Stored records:
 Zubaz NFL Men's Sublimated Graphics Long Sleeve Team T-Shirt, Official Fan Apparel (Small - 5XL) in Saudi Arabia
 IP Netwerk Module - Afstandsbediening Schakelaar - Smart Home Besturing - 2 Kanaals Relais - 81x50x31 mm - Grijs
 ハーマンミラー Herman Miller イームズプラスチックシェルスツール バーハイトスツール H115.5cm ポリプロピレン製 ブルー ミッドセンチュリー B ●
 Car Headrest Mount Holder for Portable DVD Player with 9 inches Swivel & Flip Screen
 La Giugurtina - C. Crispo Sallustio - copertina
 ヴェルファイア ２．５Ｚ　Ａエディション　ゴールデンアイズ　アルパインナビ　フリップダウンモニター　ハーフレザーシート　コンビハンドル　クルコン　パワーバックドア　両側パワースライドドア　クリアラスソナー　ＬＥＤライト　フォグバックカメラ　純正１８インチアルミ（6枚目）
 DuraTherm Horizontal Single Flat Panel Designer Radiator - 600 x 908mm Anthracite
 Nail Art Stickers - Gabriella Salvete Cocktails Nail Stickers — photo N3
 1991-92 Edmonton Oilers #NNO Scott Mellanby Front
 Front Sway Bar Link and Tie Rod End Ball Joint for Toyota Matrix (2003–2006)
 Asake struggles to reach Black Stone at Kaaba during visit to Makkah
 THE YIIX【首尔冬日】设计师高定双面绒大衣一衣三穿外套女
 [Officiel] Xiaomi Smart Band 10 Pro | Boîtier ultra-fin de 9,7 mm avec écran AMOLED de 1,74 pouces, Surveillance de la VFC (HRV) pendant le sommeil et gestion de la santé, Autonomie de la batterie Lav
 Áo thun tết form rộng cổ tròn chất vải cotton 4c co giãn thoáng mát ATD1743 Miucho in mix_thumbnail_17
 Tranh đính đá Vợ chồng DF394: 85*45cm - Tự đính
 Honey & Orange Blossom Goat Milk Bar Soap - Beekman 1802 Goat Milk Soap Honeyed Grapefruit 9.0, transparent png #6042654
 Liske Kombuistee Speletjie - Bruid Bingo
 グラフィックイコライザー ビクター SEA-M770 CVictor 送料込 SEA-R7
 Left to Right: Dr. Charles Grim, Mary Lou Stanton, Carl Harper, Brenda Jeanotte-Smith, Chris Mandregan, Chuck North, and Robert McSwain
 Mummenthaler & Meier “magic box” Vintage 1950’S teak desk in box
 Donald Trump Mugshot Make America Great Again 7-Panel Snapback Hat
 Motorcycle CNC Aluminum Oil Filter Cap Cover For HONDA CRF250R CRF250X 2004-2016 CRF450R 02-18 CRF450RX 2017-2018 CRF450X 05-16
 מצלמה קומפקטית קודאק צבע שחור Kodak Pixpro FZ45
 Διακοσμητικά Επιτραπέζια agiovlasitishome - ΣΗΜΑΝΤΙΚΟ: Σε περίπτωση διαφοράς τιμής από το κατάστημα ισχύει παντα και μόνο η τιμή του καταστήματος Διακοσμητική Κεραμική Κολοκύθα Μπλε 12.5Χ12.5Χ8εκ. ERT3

● EXERCISE OBJECTIVE:
From the records above, copy each line where the word "Front" can be found.

● SOLUTION FOR THIS TASK:
 1991-92 Edmonton Oilers #NNO Scott Mellanby Front
 Front Sway Bar Link and Tie Rod End Ball Joint for Toyota Matrix (2003–2006)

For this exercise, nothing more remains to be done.